Questa era la buona occasione per comprendere cos’è questo counseling non psicologico e cosa lo differenzia dalla nostra attività!
Sono iniziati i lavori presso UNI; al tavolo per definire la norma vi erano associazioni di counselor, scuole di formazione in counseling e, dopo che abbiamo insistentemente fatto presente l’occasione, si è presentato anche l’Ordine Nazionale (CNOP) coinvolgendo altri ordini regionali. Gli ordini dove erano presenti i consiglieri di AltraPsicologia che potevano pungolare le istituzioni sono stati i più attivi.
Purtroppo quella che doveva essere la prima seria possibilità di chiarimento non è stata altro che una conferma dei sospetti che il counseling “relazionale” al di fuori della psicologia sia cosa alquanto bizzarra.
Durante la definizione della norma abbiamo assistito più volte alla sostituzione di termini psicologici con vocaboli più generici. Alle incessanti richieste di entrare nel merito dell’attività del counselor si otteneva sempre una maggior genericità.
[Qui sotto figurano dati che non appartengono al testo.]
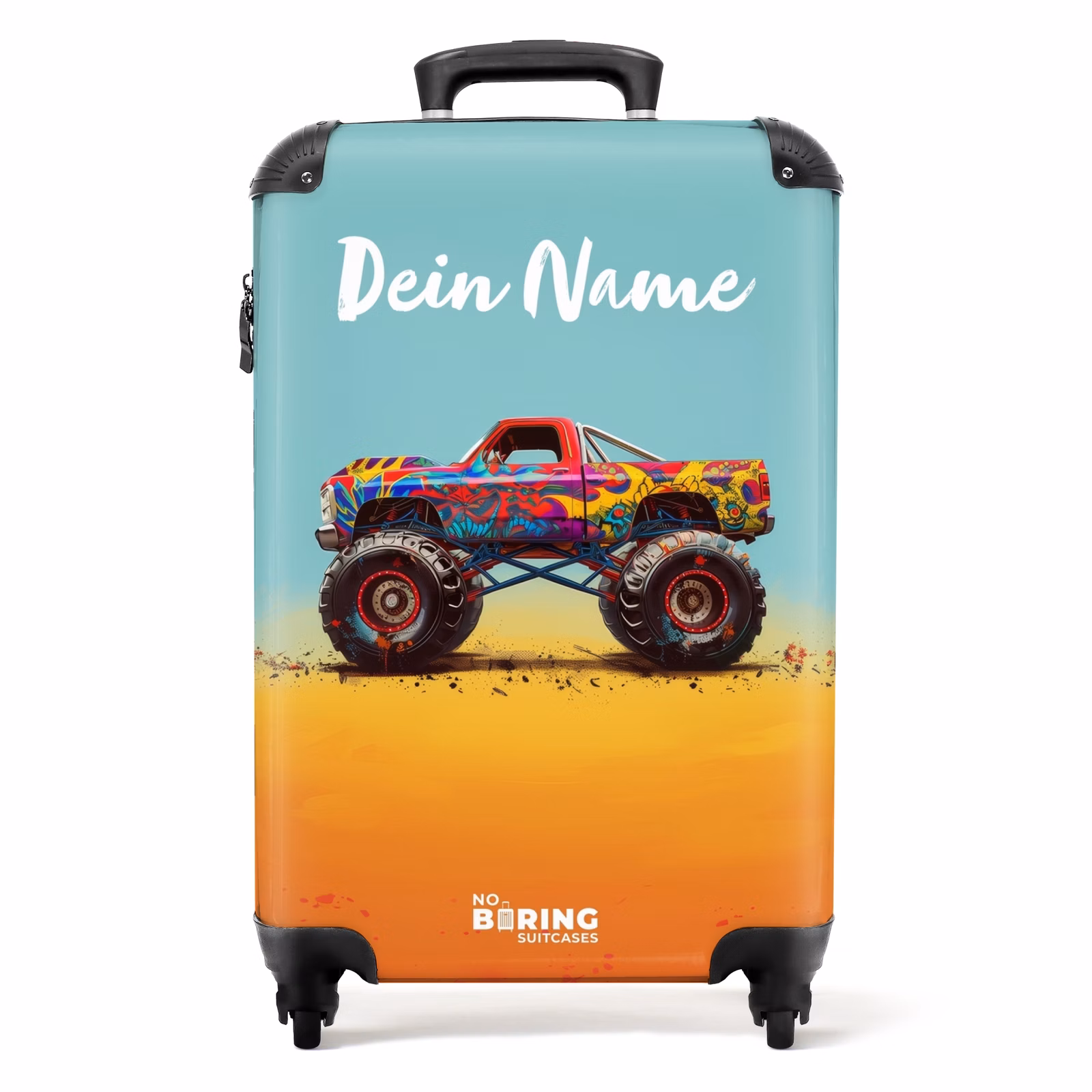 Koffer mit Name - Monstertruck mit Graffitidruck im Sand — 1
Arrivati alla conclusione della norma sul “counseling relazionale”, noi psicologi rappresentanti degli Ordini non abbiamo ancora potuto comprendere quali siano gli elementi non psicologici del “counseling”. La norma a nostro giudizio è risultata ampia e generica: non sono indicate le teorie di riferimento, gli interventi specifici, molte definizione sono tautologiche. Giunti a tale punto non abbiamo potuto fare altro che votare sfavorevolmente, esplicitando che quanto scritto si sovrappone all’attività di intervento psicologico. Purtroppo eravamo in minoranza e la norma è andata al voto finale. Prima dell’ultimo voto che avrebbe licenziato la norma, verso la fine dello scorso anno, è intervenuto finalmente il Ministero della Salute che ha richiesto una sospensione del voto in attesa di verificare sovrapposizioni con la professione di psicologo.
Ora siamo tutti in attesa di capire come si concluderà questa vicenda. AltraPsicolgia è sempre stata in prima linea per la tutela della professione, è però certo che la vicenda ha visto l’attiva collaborazione anche di altri colleghi, indipendentemente dalle associazioni di appartenenza. Il rinnovato Consiglio Nazionale ha accettato e promosso tutte le posizioni degli Ordini regionali. Gli Ordini di Lombardia, Lazio, Piemonte, Marche, Emilia Romagna, e il Consiglio Nazionale si sono coordinati e hanno affermato unitariamente che un’attività professionale che vuole lavorare su un “bisogno” psicologico individuale sulla base di teorie sulla psiche, seppur utilizzando altri termini non italiani, corrisponde all’attività di intervento dello psicologo.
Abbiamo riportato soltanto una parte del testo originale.